わからない。わからないままにしておこう。
コーヒーが全然決まらない。
おやっさんがきて
「何にします?」
てきくから
「何にしましょう…バランスが良いのが好きなんです。酸味はちょっと苦手」
「苦味は?」
「苦味は大丈夫です。」
「じゃコロンビアはどうでしょう。」
メニューにはほんのりとした甘みの文字
好きなやつだわ。
「コロンビアでお願いします。」
いいなあ喫茶店。住める。喫茶店に住みたいなあ。いや、わざわざいくのがいいんだよな。
ディズニーランドがすごく好きな人がディズニーランドに住みたい、でもわざわざ行くのがいいんだよねってのと似てると思うんだー。
コロンビアが届く
一口すすった瞬間
おやっさんがひょっこり頭だけ壁からだして
「どう?」
「美味しい♡好きな感じです。」
「よかったー。読む?」
「読む♡」
あれ?岩手日報の号外。
これ、岩手日報の人がわざわざ新幹線で東京に持ってきて配ってたやつじゃない?
お客さんにもらったのかな?
新聞を広げる。
気持ちがよい!
私は新聞を読まないのだが、なぜ夫が砂塚珈琲店を好きになったのかって、新聞が置いてあったから。コーヒーを飲みながら新聞を読むという行為が好きだったらしい。
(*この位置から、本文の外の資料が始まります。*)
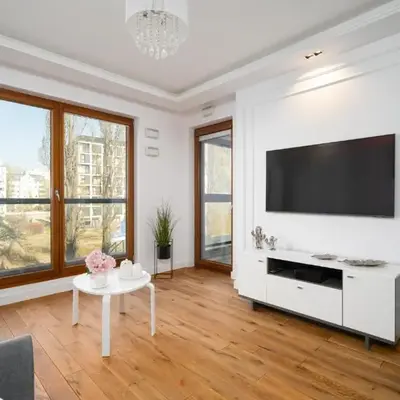 Urban Chic - Large & Stylish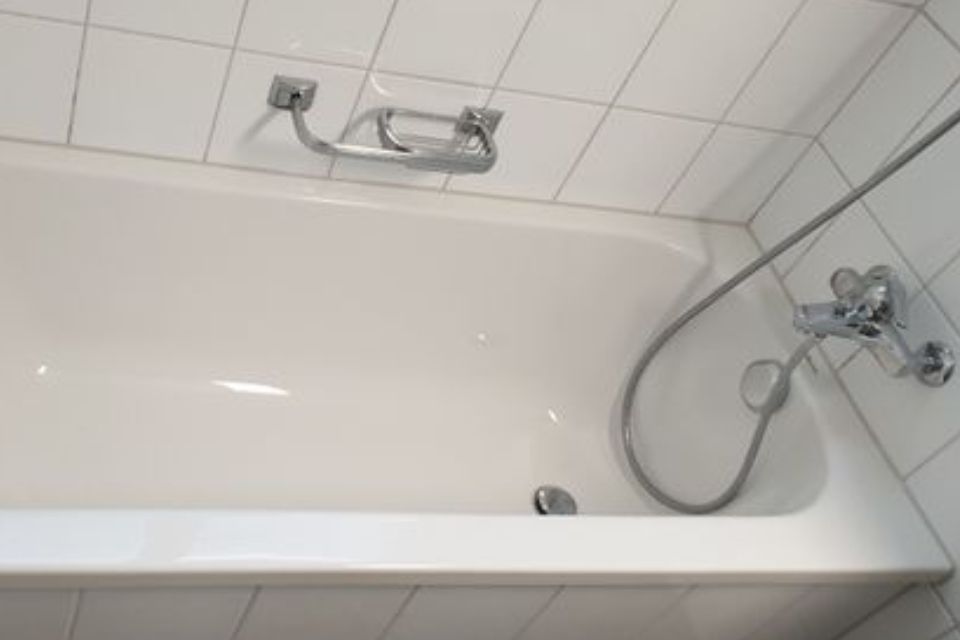 NEUE BADEWANNE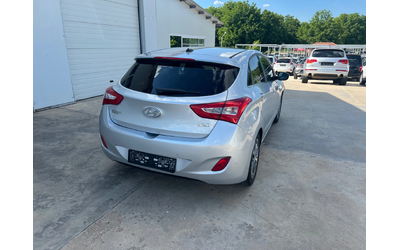Hyundai I30 1.6crdi * Navi* * Nova* UNIKAT* - автомобили, коли, обяви за нови и употребявани 14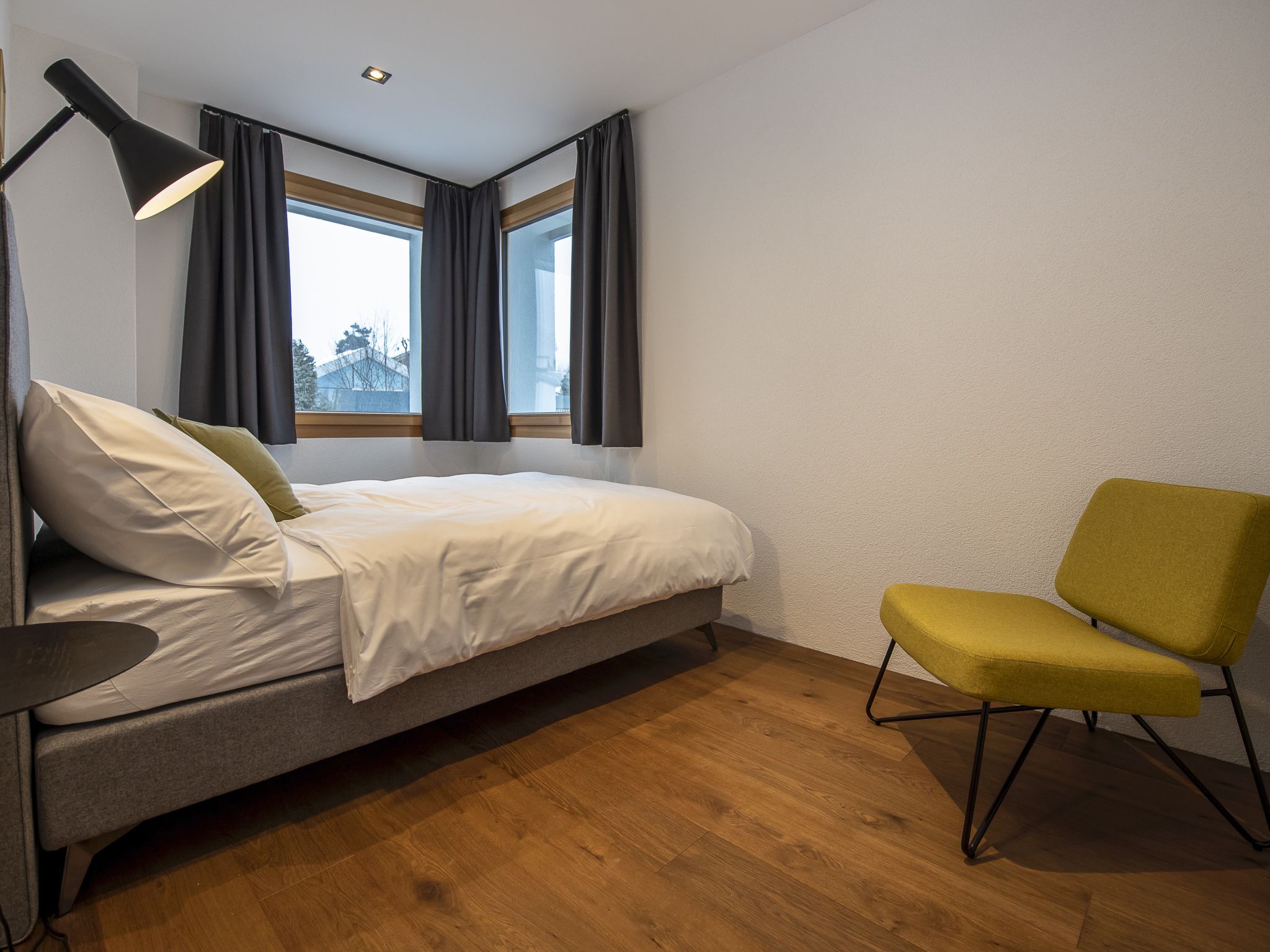 Photo of Flem Mountain Lodge, (Flims Waldhaus). Moderne neue 4.5 Ferienwohnung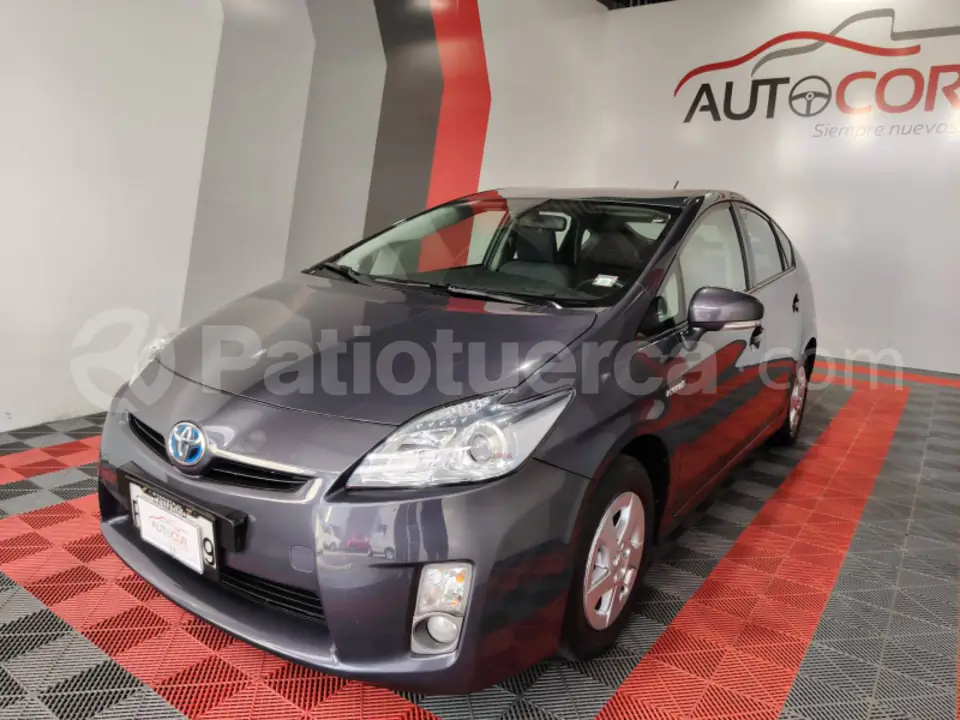 Foto 1 de Toyota Prius 4G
私は初めて喫茶店で新聞を広げたのだが、思い切り広げて読めるのって快感。これは広々としてるからだ。
いやちがう!
だからー、新聞じゃなくて本を読みたいんだってば。
おかみさんが戻ってきた。
ブロッコリーを一つ買ったはずなのに
二つも入ってる どうしようって。
なに、その不思議すぎる話。
みんな帰ってみんな居なくなった。
私ひとり。
突然おやっさんが話しかけて来た。
「世の中面白くないから、新聞作ろうと思ってね。」
おやっさんが私の斜向かいに座った。
座ったな。。。もう、本を読むのを諦めて閉じた。
「今からその新聞に書くネタを今から四つ話しますから。どれがよいか教えてね。」
「はい…。」
四つの小話が始まる。全てにちゃんとオチがある。話として完成されたものでおもしろくて感心した。
「全部、それぞれ面白いですよ。全部載せたらどうですか。」
「それがさー、文章にすると全然面白くないのよ。」
おやっさんが先月号を持ってきて見せてくれた。
「…
…
…
…ぜんっぜん面白くないですね!」
言っておくが初対面だ。お互い爆笑した。
おかみさんが奥で頷いている。
新聞じゃなくて、しゃべった方が絶対面白いですよ。店の奥で寄席やったらいいんじゃないですか?
そうだよねぇ
というところで、お客さんが入ってきて
おやっさんは何事もなかったようにさっと立ち上がり、お水とメニューを取りに行く。
17時。
私が来たのは14時。3時間もいたのか!?
3時間もいて1ページも本が読めなかった店。
好き。
好きなんだが今の瞬間を逃すと私、帰れなくなりそうだからもう帰るわ。さようなら。またね。